TORONTO, ONTARIO--(Marketwired - April 15, 2015) -

NOT FOR DISTRIBUTION TO U.S. NEWSWIRE SERVICES OR FOR DISSEMINATION IN THE UNITED STATES

Royal Road Minerals Limited (formerly Tigris Resources Limited) (the "Company"), is pleased to announce that, further to the news releases dated September 15, 2014, October 30, 2014, and March 19, 2015 of Kirkcaldy Capital Corp. (TSX VENTURE:KRK.H) ("Kirkcaldy"), the Company has completed the previously announced business combination (the "Arrangement") by way of an arrangement under the Business Corporations Act (Alberta) ("ABCA") involving Kirkcaldy, the securityholders of Kirkcaldy, the Company, Royal Road Canada Minerals Limited ("Tigris Subco"), and the securityholders of Tigris Subco, as the "Qualifying Transaction" (as such term is defined within the meaning of Policy 2.4 of the TSX Venture Exchange (the "Exchange")) of Kirkcaldy, which was a "capital pool company" as such term is defined in the policies of the Exchange.

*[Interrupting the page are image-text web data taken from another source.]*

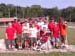 Reverent 081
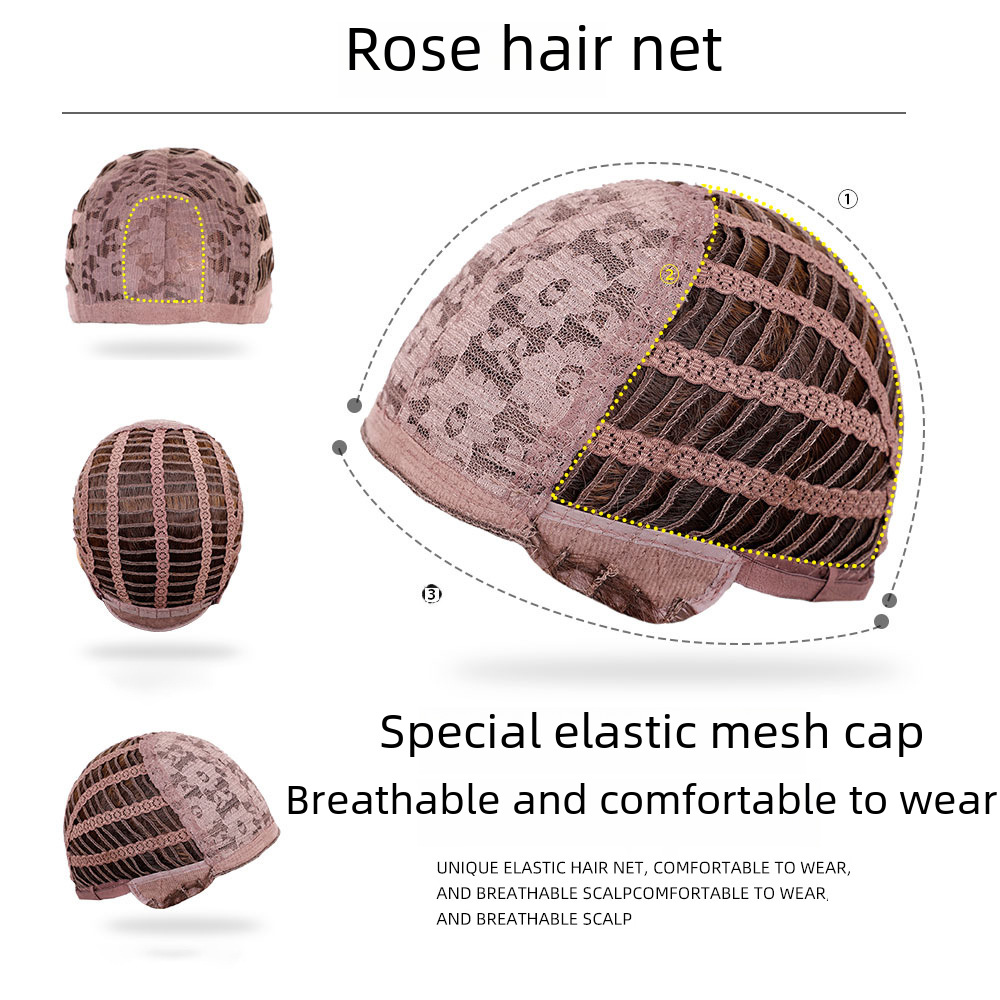 Wig Image 7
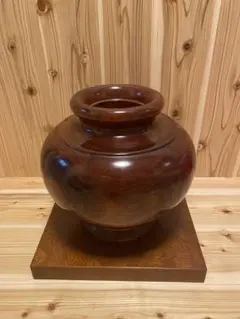 2026年最新】薄端 花器の人気アイテム - メルカリ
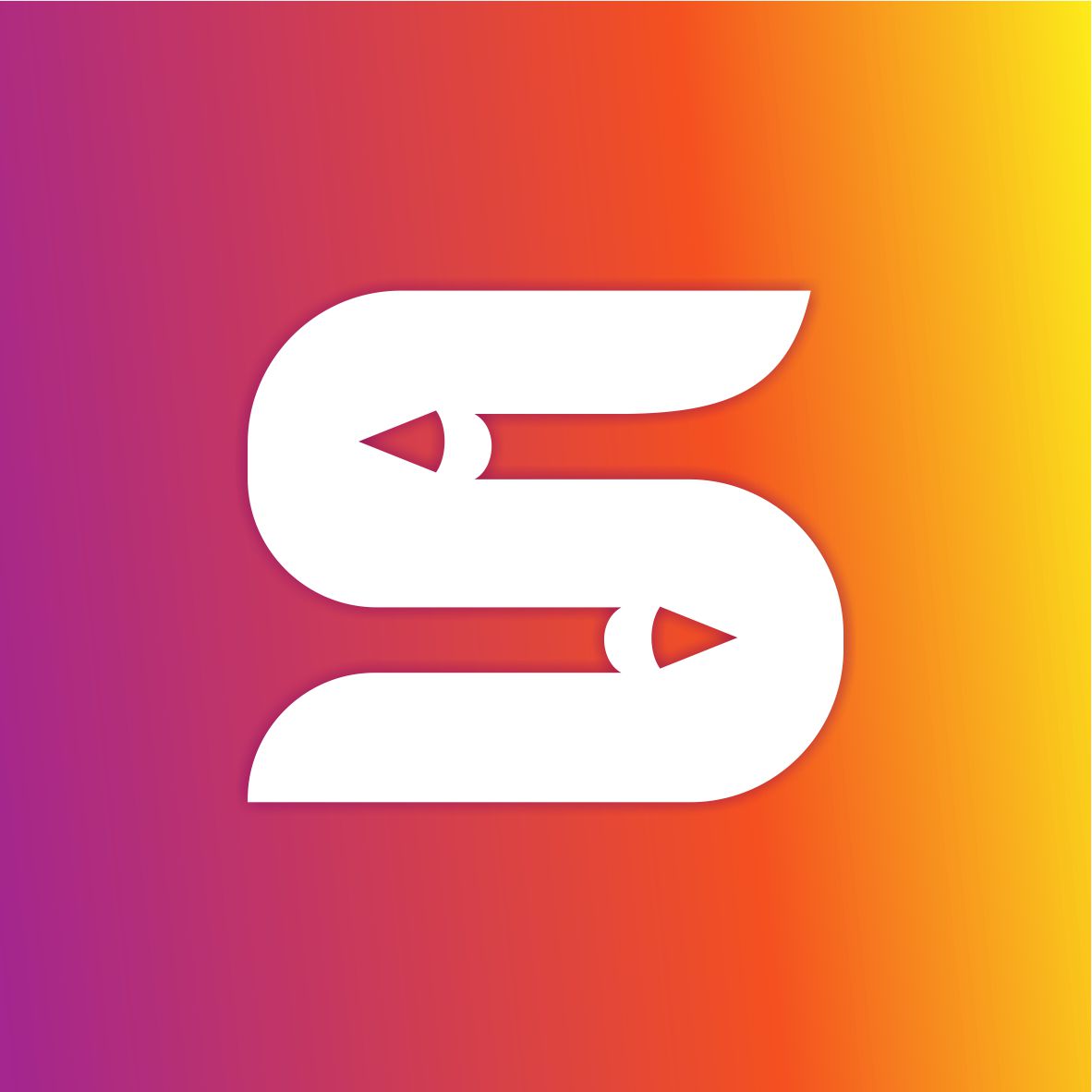 Skillzania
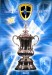 Cardiff City v Sheffield United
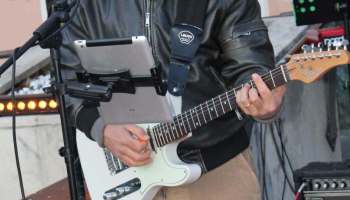 Carnevale-Montecorvinese-Dom-2-marzo-2025-0146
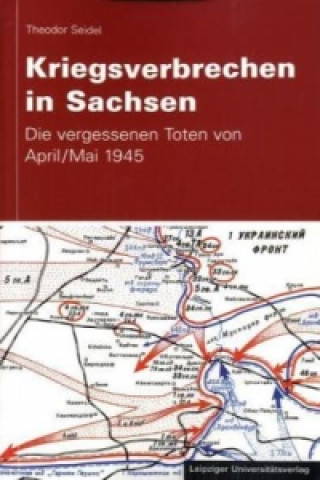 Kriegsverbrechen in Sachsen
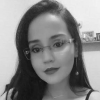 Laila Thais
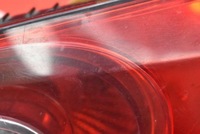 фото thumb №13, Лампа правая задняя задняя 3c8945094d vw passat cc 08-12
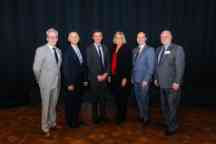 Barbara Dicker Brain Sciences Foundation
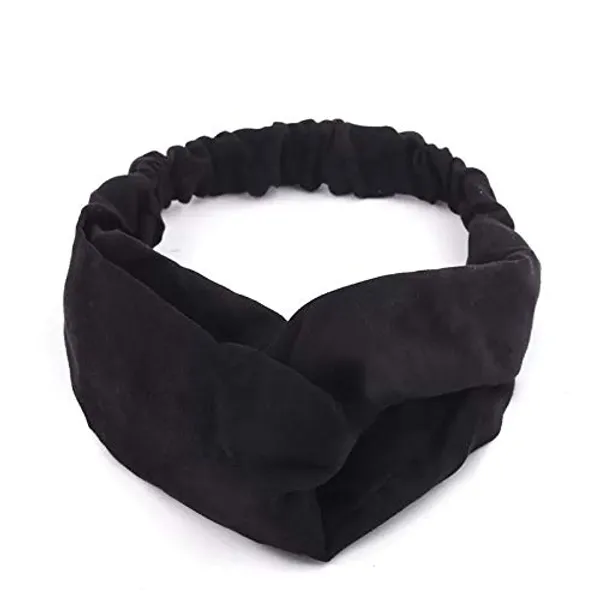Black_fabric_Headband_|_Premium_Hair_Accessories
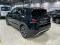 preview Volkswagen T-Cross #2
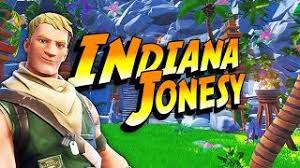 In the downtown drop ltm you will need to find jonesy. Fortnite Jonesy Meme Face Fortnite Free Pass 7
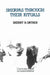Sherpas Through Their Rituals by Sherry B. Ortner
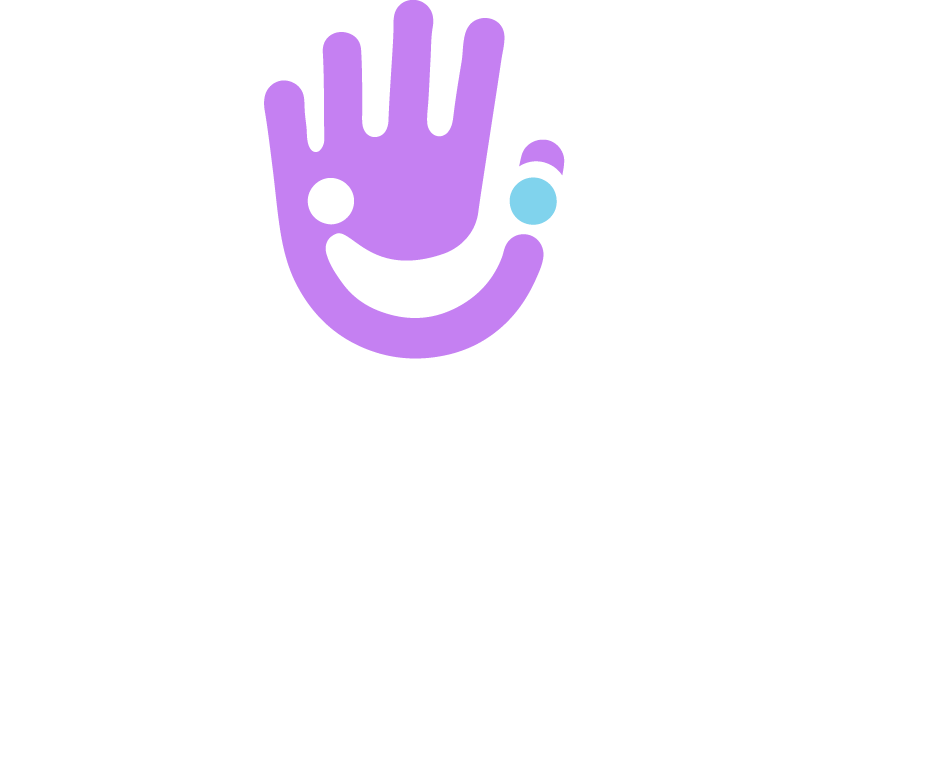 Logo+Web-02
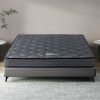 MATTRESS-B-BN16-D-210279-06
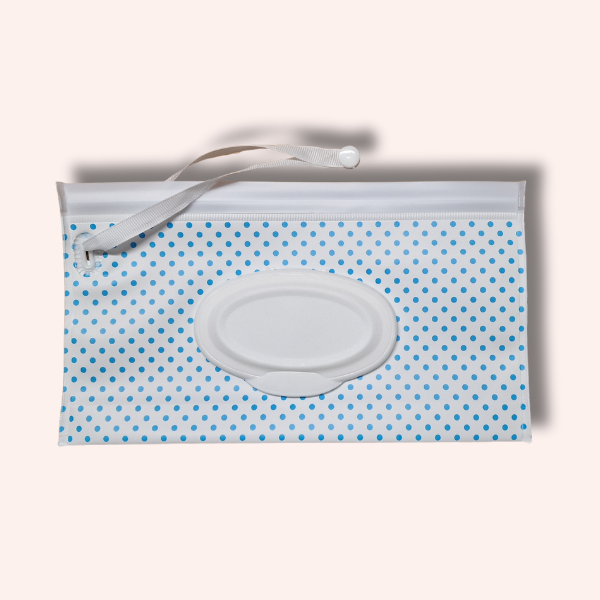 Komplettset Stoffwindeln One-Size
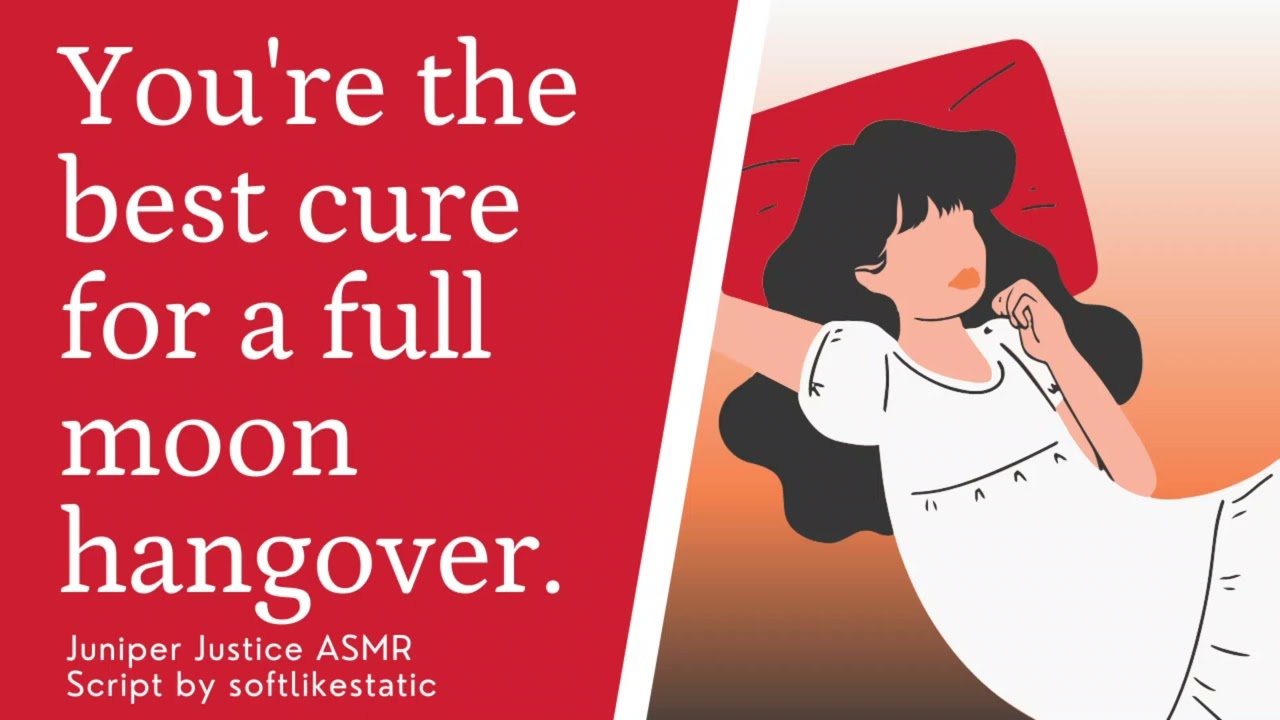 [F4A] Ваш прилипчивый оборотень нуждается в объятиях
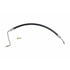 3401570 by SUNSONG - POWER STEERING HOSE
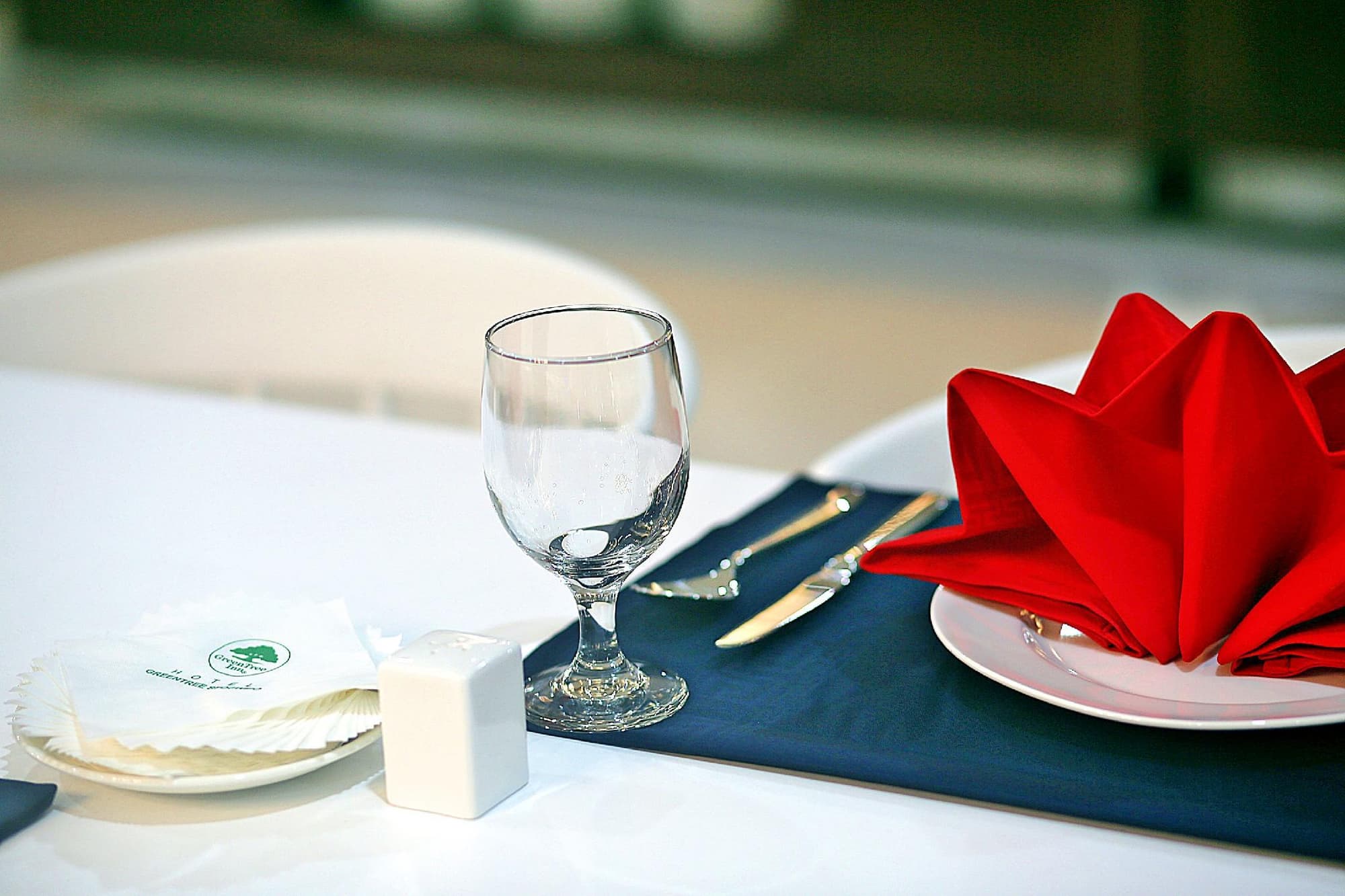 GreenTree Inn Jeju Seogwipo Express Hotel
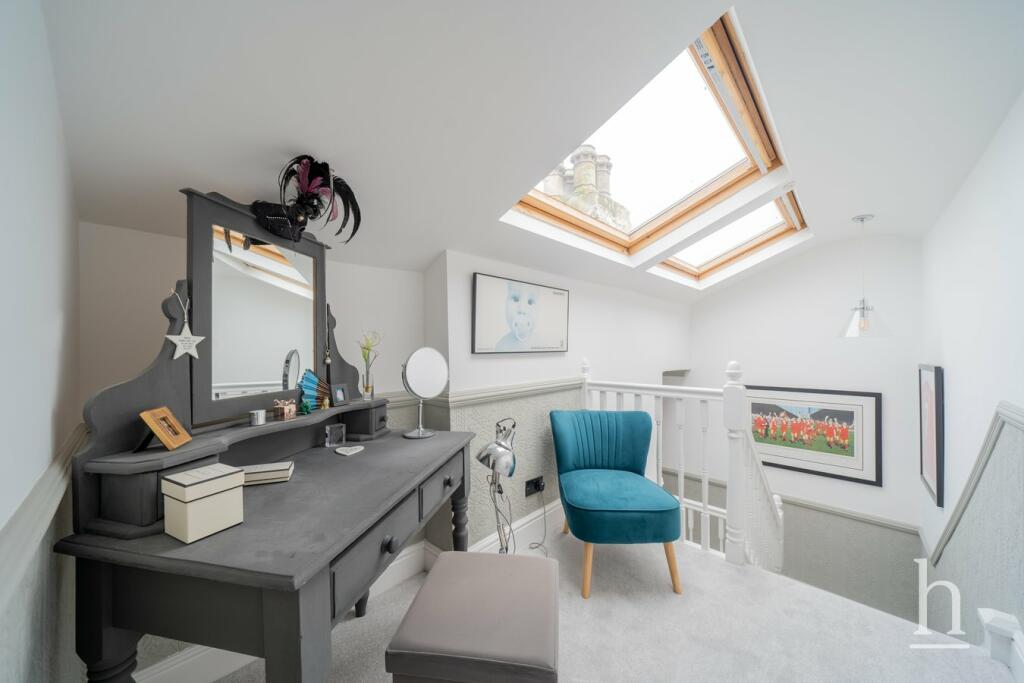 Additional image 28 of The Kings Gap, Hoylake, CH47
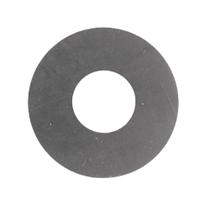 Parte de recreação ao ar livre Danco Bibb Gasket Parte de recreação ao ar livre Danco Bibb Gasket
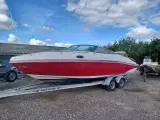 Rinker Captiva 246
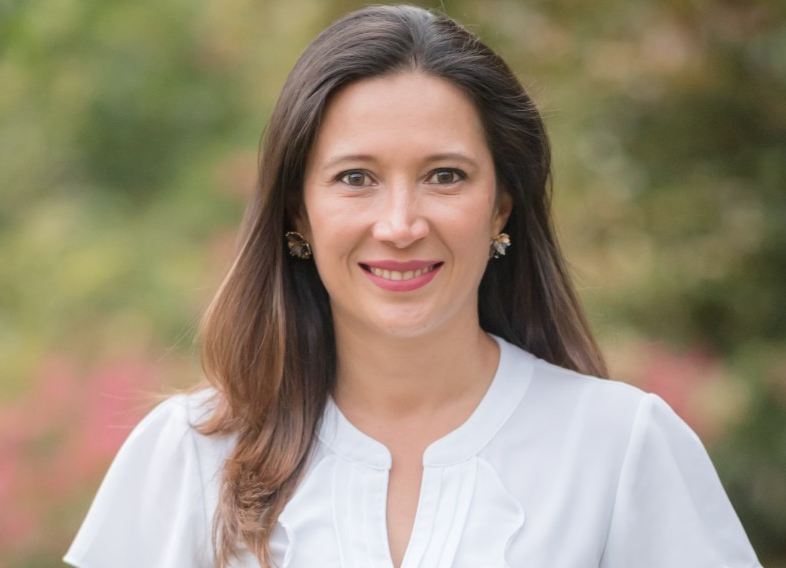 TechHeroes - Katherine Mcallister - Gerente General.jpg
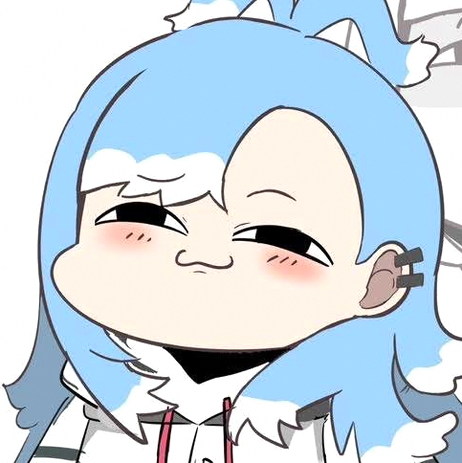 192_saamu's tweet photo. ペットマンはガチだった https://t.co/2PU85MRPed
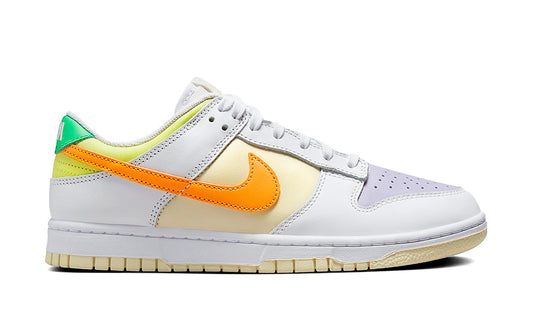 Dunk Low "Sundial"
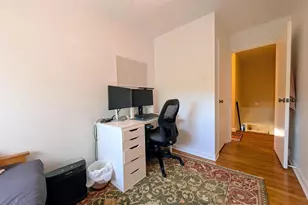1510 Blackrock Rd, Swarthmore, PA 19081 - Photo 37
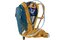 deuter Compact 8 Junior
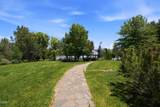 24624 Schaupp Road - Photo 9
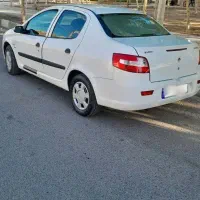 رانا مدل ۹۴|خودرو سواری و وانت|قم, ولیعصر|دیوار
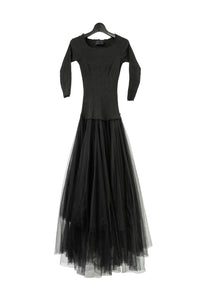 MARC LE BIHAN | boutiqueW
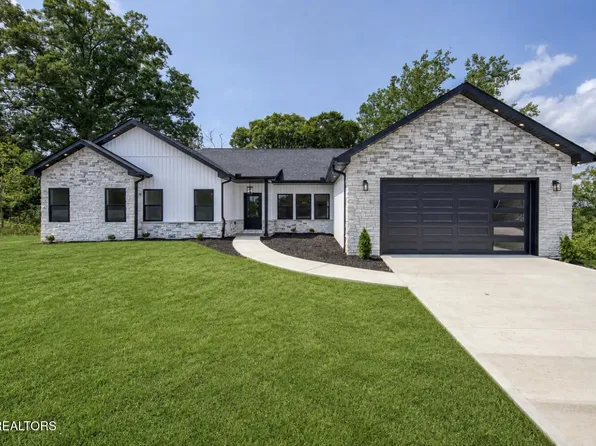 3259 Sandpiper Ct, Kodak, TN 37764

Effective April 15, 2015, and in accordance with the arrangement agreement (the "Arrangement Agreement") dated March 12, 2015 among the Company, Tigris Subco, and Kirkcaldy, Kirkcaldy and Tigris Subco amalgamated under the ABCA to form "Royal Road Minerals Canada Limited" ("Amalco"), a wholly-owned subsidiary of the Company, and upon such amalgamation:

  1. each common share in the capital of Tigris Subco ("Tigris Subco Shares"), each warrant of Tigris Subco exercisable into Tigris Subco Shares ("Tigris Subco Warrants") and each warrant of Tigris Subco exercisable into Tigris Subco Shares and issued to finders ("Tigris Subco Finders Warrants") under the Private Placement (as defined below) were exchanged such that each holder of Tigris Subco Shares was issued 0.5 of an ordinary share of the Company (an "Ordinary Share") for each Tigris Subco Share held, each holder of Tigris Subco Warrants was issued a warrant (a "Tigris Replacement Warrant") to acquire a number of Ordinary Shares equal to the number of Tigris Subco Shares underlying the Tigris Subco Warrant after giving effect to the Consolidation (defined below), and each holder of Tigris Subco Finders Warrants was issued a warrant (a "Tigris Replacement Finders Warrant") to acquire a number of Ordinary Shares equal to the number of Tigris Subco Shares underlying the Tigris Subco Finder Warrants after giving effect to the Consolidation (defined below);
  2. each common share in the capital of Kirkcaldy ("Kirkcaldy Shares") and each outstanding option of Kirkcaldy to purchase Kirkcaldy Shares ("Kirkcaldy Options") was exchanged such that each holder of Kirkcaldy Shares was issued 0.5 of an Ordinary Share for each Kirkcaldy Share held and each holder of Kirkcaldy Options was granted an option to acquire a number of Ordinary Share equal to the number of Kirkcaldy Shares underlying the Kirkcaldy Options multiplied by 0.5; and
  3. each Tigris Subco Share outstanding that was held by the Company was cancelled and the Company was issued an aggregate of one (1) share of Amalco in consideration for (A) all Ordinary Shares issued to former holders of Kirkcaldy Shares and former holders of Tigris Subco Shares, and (B) the cancellation of all Tigris Subco Shares held by the Company immediately prior to effecting the Arrangement.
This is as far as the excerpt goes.